--- SOURCE DATA Enclosed Below ---

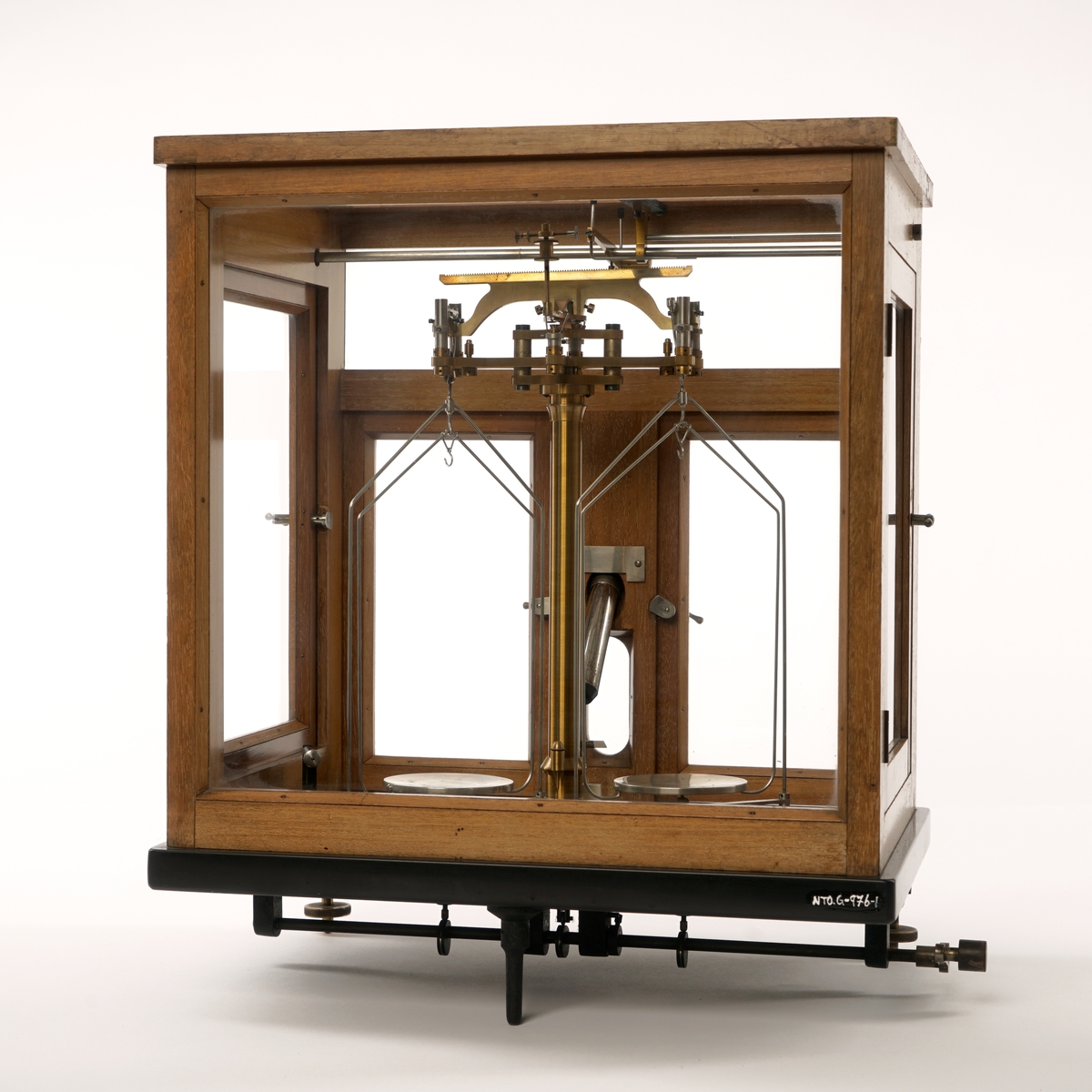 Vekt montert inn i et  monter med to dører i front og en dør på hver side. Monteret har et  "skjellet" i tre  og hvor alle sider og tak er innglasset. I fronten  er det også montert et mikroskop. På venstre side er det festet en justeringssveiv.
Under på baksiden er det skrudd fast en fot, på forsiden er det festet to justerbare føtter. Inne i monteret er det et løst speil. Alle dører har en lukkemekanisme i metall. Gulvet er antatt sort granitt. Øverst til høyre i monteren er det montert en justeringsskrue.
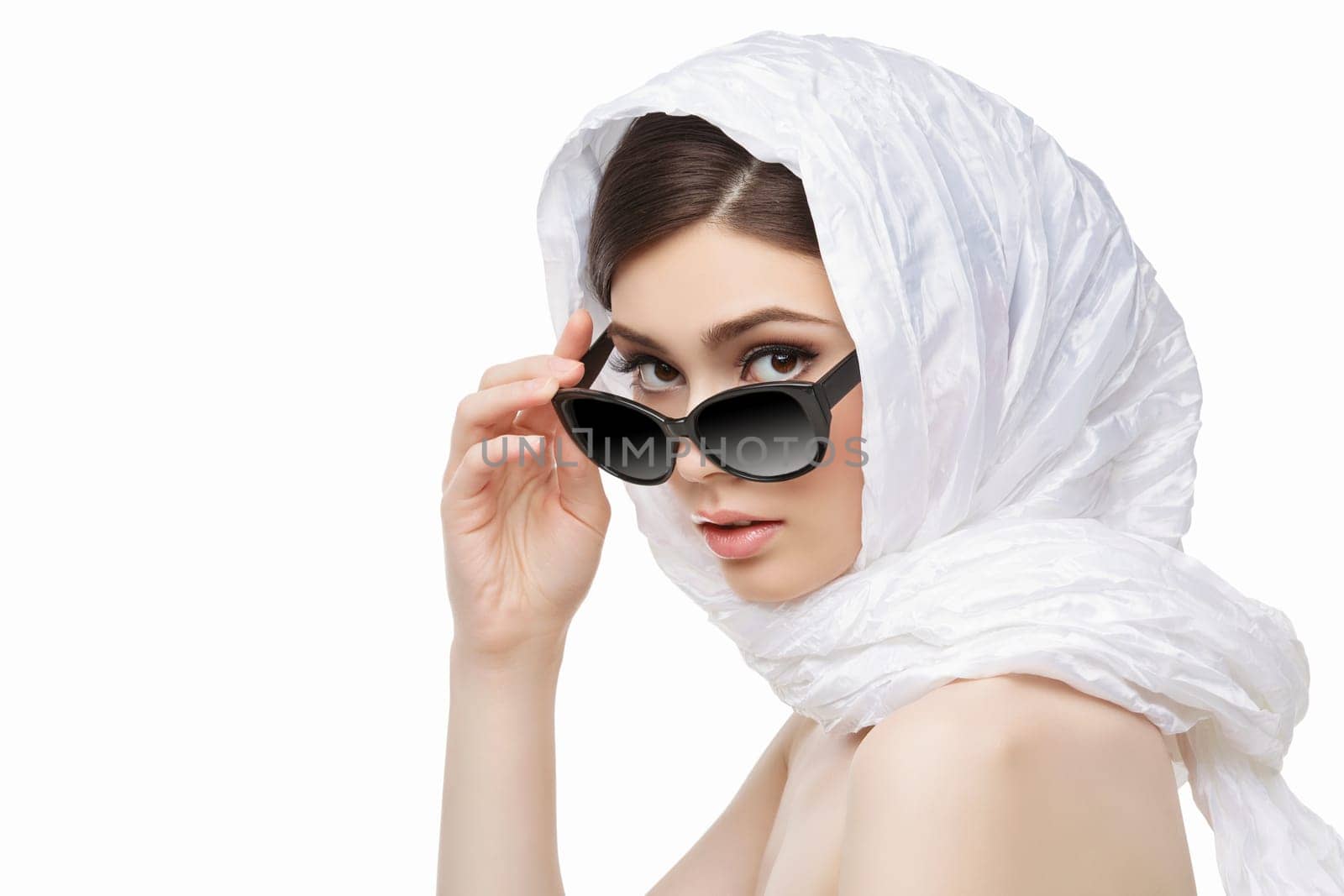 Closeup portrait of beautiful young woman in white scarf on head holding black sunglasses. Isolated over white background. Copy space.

--- End of Enclosed SOURCE DATA ---

WHAT YOU NEED TO DO
A verbatim rendering of the listing above is required, without any of its pictures.

PROBLEM SOLUTION
 Vekt montert inn i et  monter med to dører i front og en dør på hver side. Monteret har et  "skjellet" i tre  og hvor alle sider og tak er innglasset. I fronten  er det også montert et mikroskop. På venstre side er det festet en justeringssveiv.
Under på baksiden er det skrudd fast en fot, på forsiden er det festet to justerbare føtter. Inne i monteret er det et løst speil. Alle dører har en lukkemekanisme i metall. Gulvet er antatt sort granitt. Øverst til høyre i monteren er det montert en justeringsskrue.
 Closeup portrait of beautiful young woman in white scarf on head holding black sunglasses. Isolated over white background. Copy space.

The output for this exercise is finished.